» Assignment
Repeat, line for line, only the span that opens at the "샤넬 25B 클래식 탑핸들 포쉐트 베니티백 실버 메탈 화이트" line and closes at the final line below. Skip the pictures.

====== Records to process

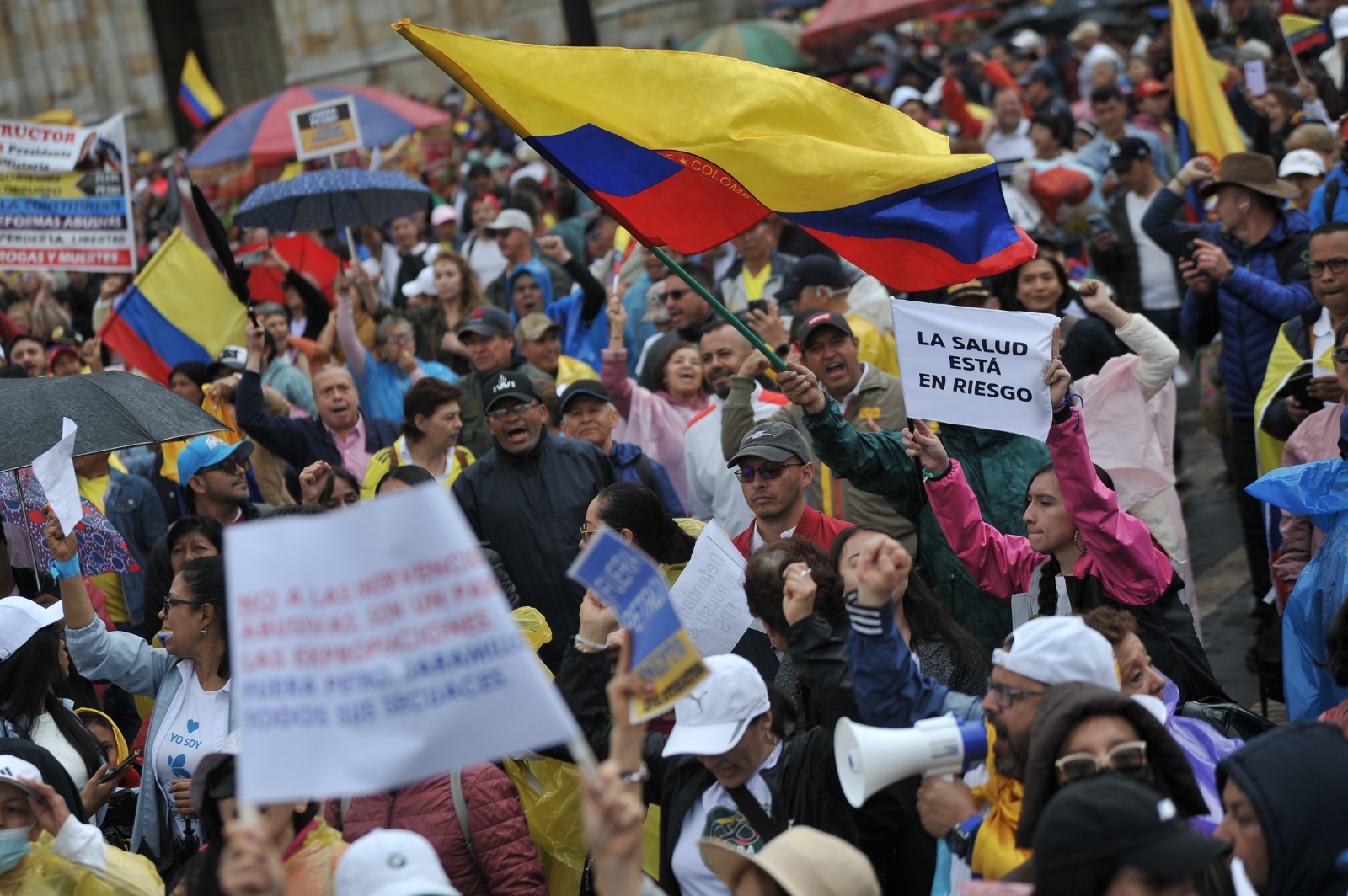 FLIP reporta que trece periodistas fueron agredidos durante marcha de oposición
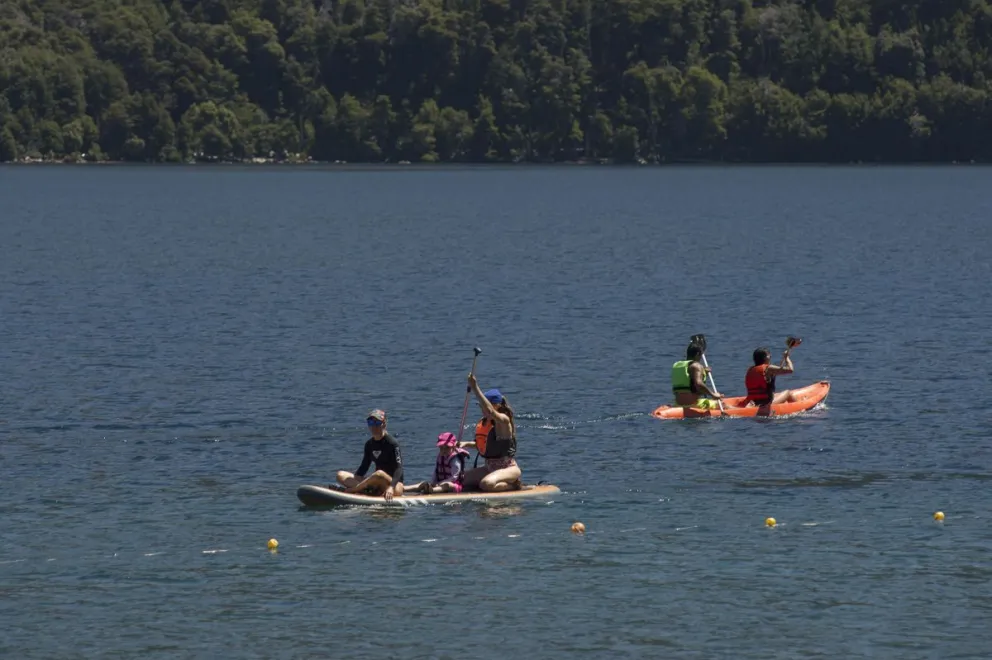 Prevenir y hacer caso a las recomendaciones minimiza los accidentes en lagos. Foto: Marcelo Martínez 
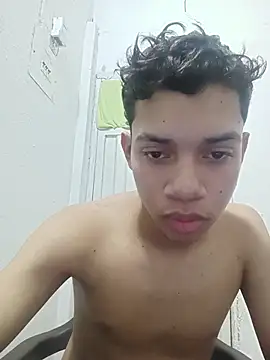 curious_straight_guy Show Webcam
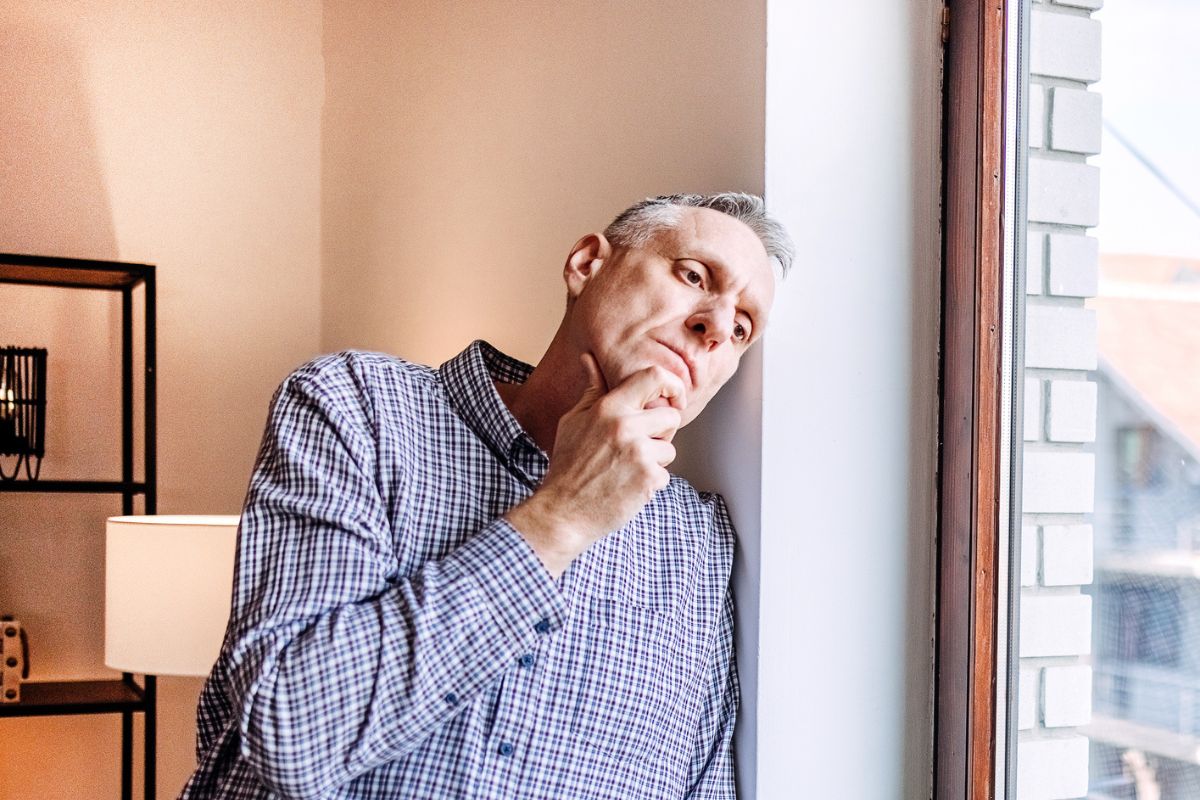 mężczyzna 50+ smutny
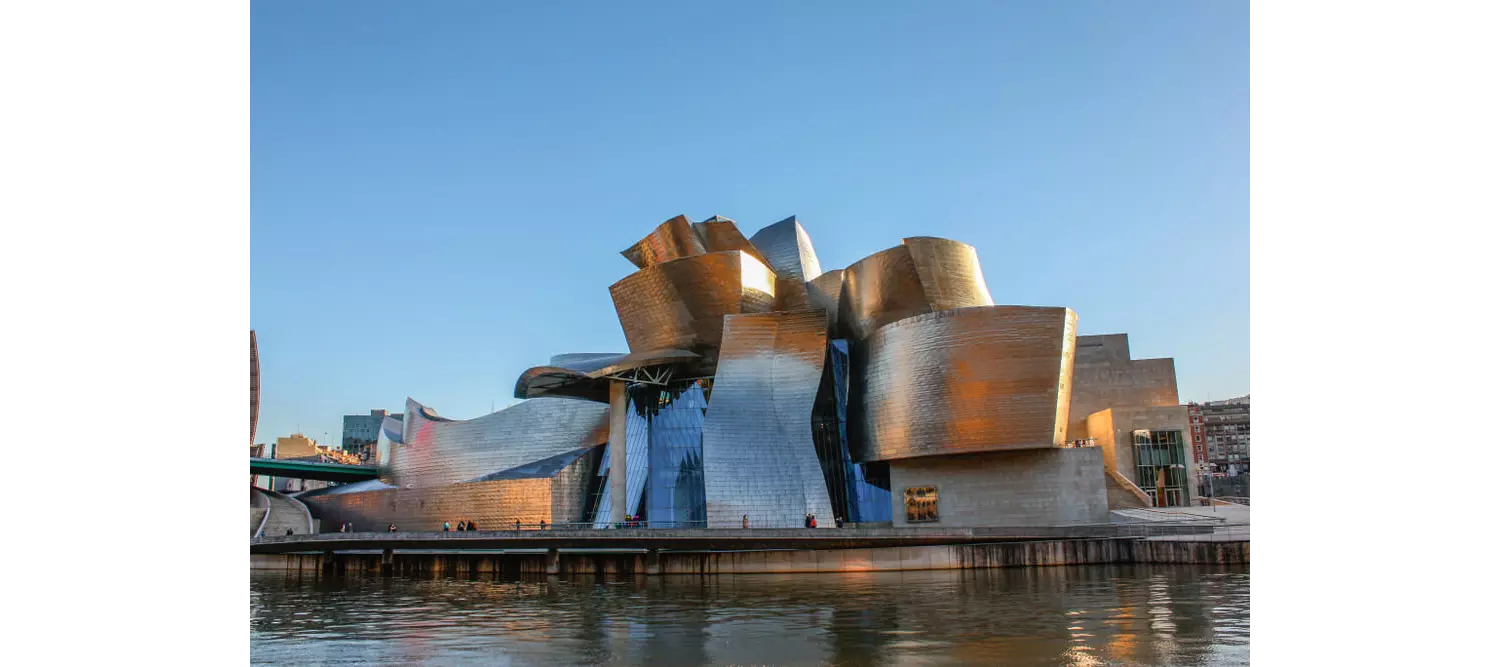 Bilbao Sehenswürdigkeiten: das Guggenheim-Museum an der Ria del Nervión.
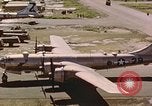 Standbild B-29s auf Saipan Saipan, 1945, aus Sekunde 55 historischem Filmmaterial Videoclip 65675067352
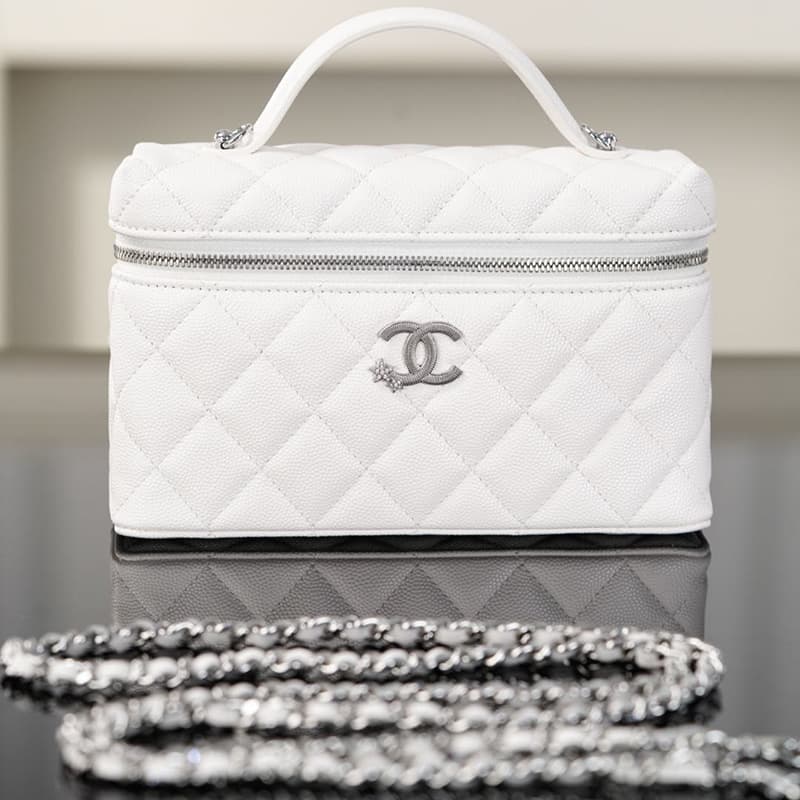 샤넬 25B 클래식 탑핸들 포쉐트 베니티백 실버 메탈 화이트
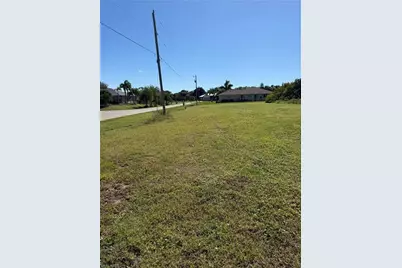 911 Wilmington Pkwy, Cape Coral, FL 33993 - Photo 5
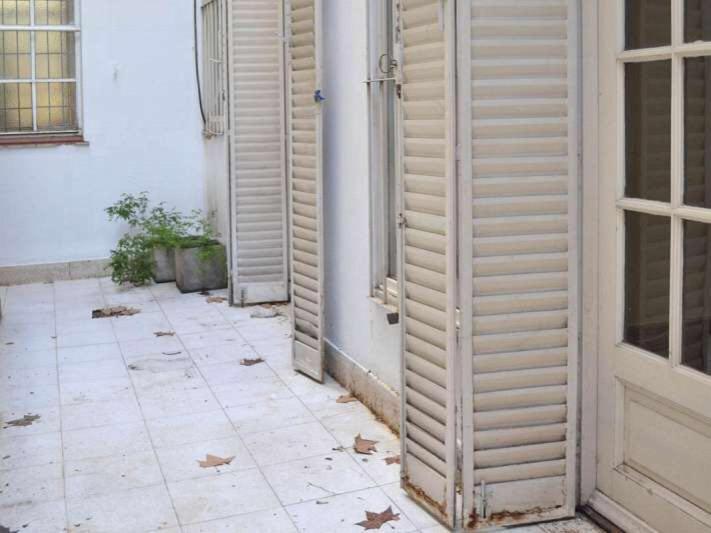 LARGE LOVELY FRENCH STYLE APARTMENT PALERMO o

============

» Result of this exercise
 샤넬 25B 클래식 탑핸들 포쉐트 베니티백 실버 메탈 화이트
 911 Wilmington Pkwy, Cape Coral, FL 33993 - Photo 5
 LARGE LOVELY FRENCH STYLE APARTMENT PALERMO o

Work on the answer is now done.